Ken Yanz
- Born: Kenneth Yanz 18 May 1929 Hornsby, New South Wales
- Died: 5 February 2019 (aged 89) Sydney, New South Wales

Rugby union career
- Position: flanker

Amateur team(s)
- Years: Team / Apps / (Points)
- Gordon RFC

International career
- Years: Team / Apps / (Points)
- 1958: Wallabies / 1 / (0)

= Ken Yanz =

Australian rugby union player (1929–2019)

Kenneth Yanz (18 May 1929 – 5 February 2019) was a rugby union player who represented Australia.

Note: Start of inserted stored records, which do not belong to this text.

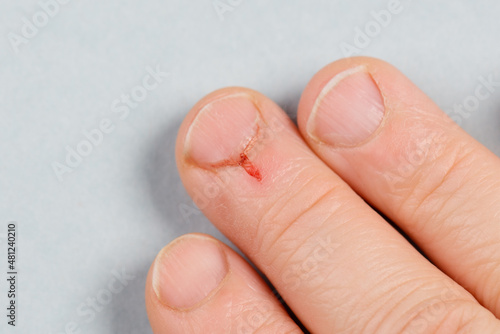 Small wound on the finger  fresh blood after injury  close up  bleeding
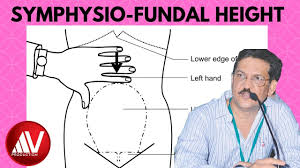 Importance of fundal height measurement. Symphysiofundal Height Measurement Explained Youtube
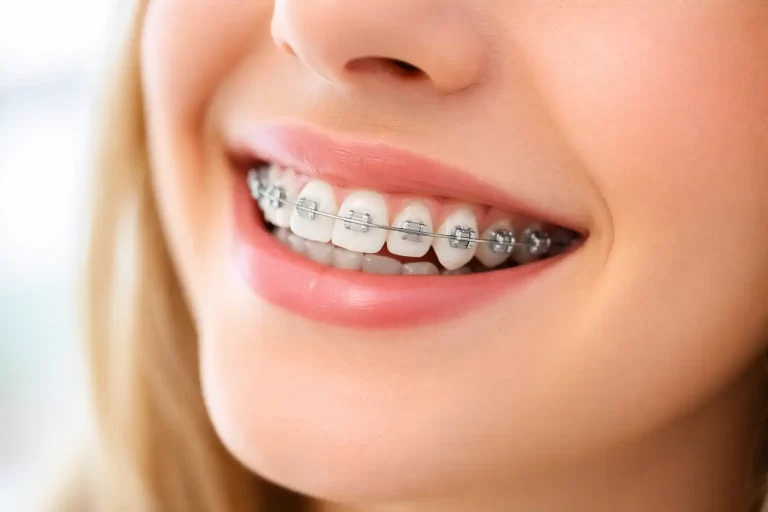 نقش ارتودنسی دندان نیش:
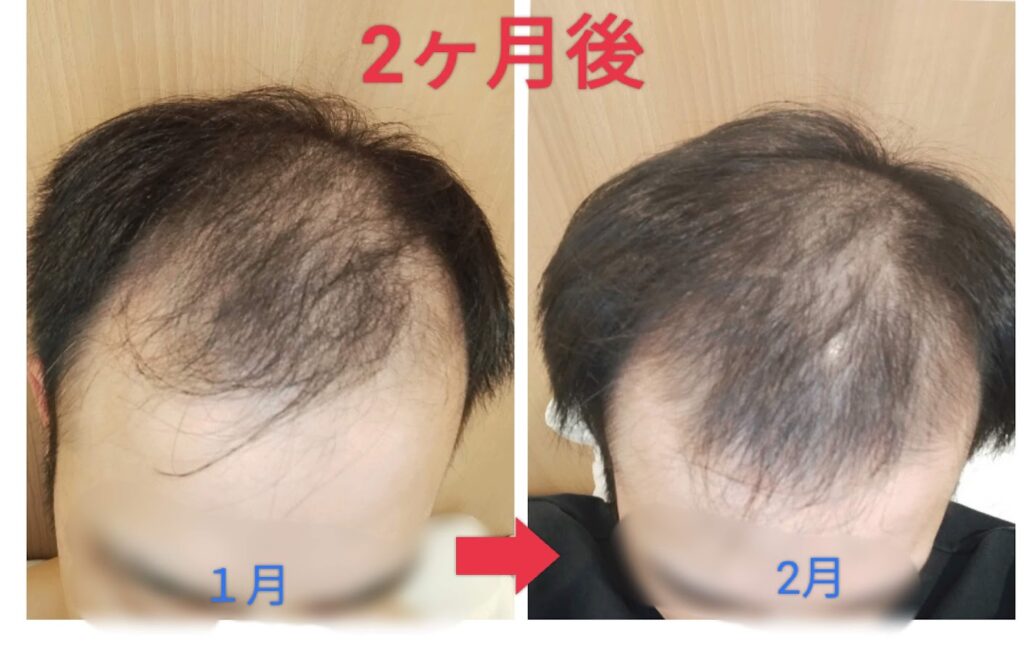 2か月後の頭皮比較写真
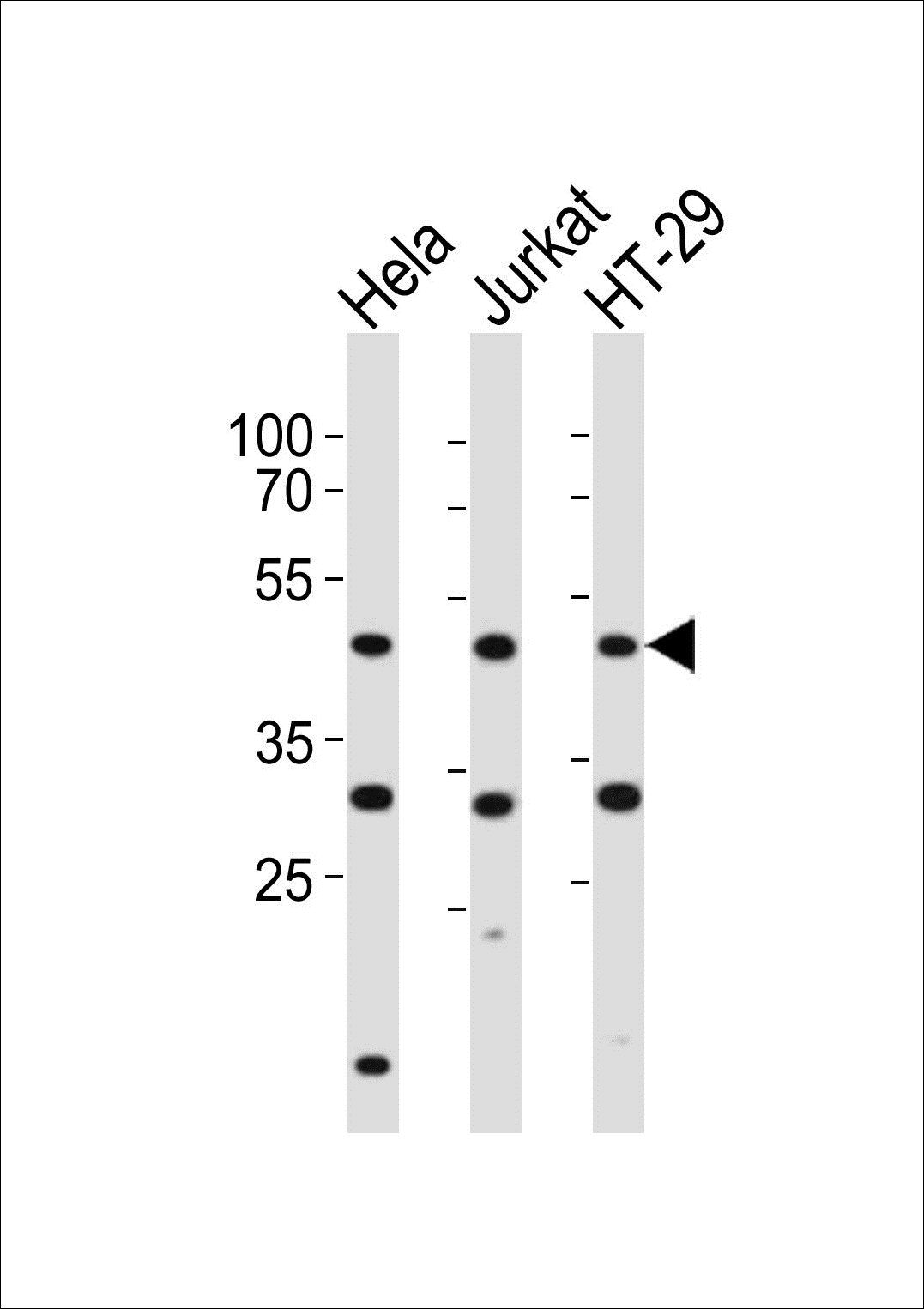 GLUL antibody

Yanz, a flanker, was born in Hornsby, New South Wales and claimed 1 international rugby cap for Australia on the Wallabies' 1957–58 Australia rugby union tour of Britain, Ireland and France and played for New South Wales.

==Career==

Born in the Sydney suburb of Hornsby, Yanz learned his rugby playing for the Lane Cove Rugby Club and Gordon Juniors. After high school, he worked his way up through Gordon. He played regularly in North Harbour v South Harbour matches and for the Sydney XV and was selected for the Australia national rugby union team 1957–58 Australia rugby union tour of Britain, Ireland and France. He played in the Test against France in Paris. He later played for the New South Wales Team and was appointed Captain of Gordon, where he set a club record for games played. In 2012, Yanz recalled his playing days for a documentary about the history of Lane Cove Rugby by Theo Clark Media.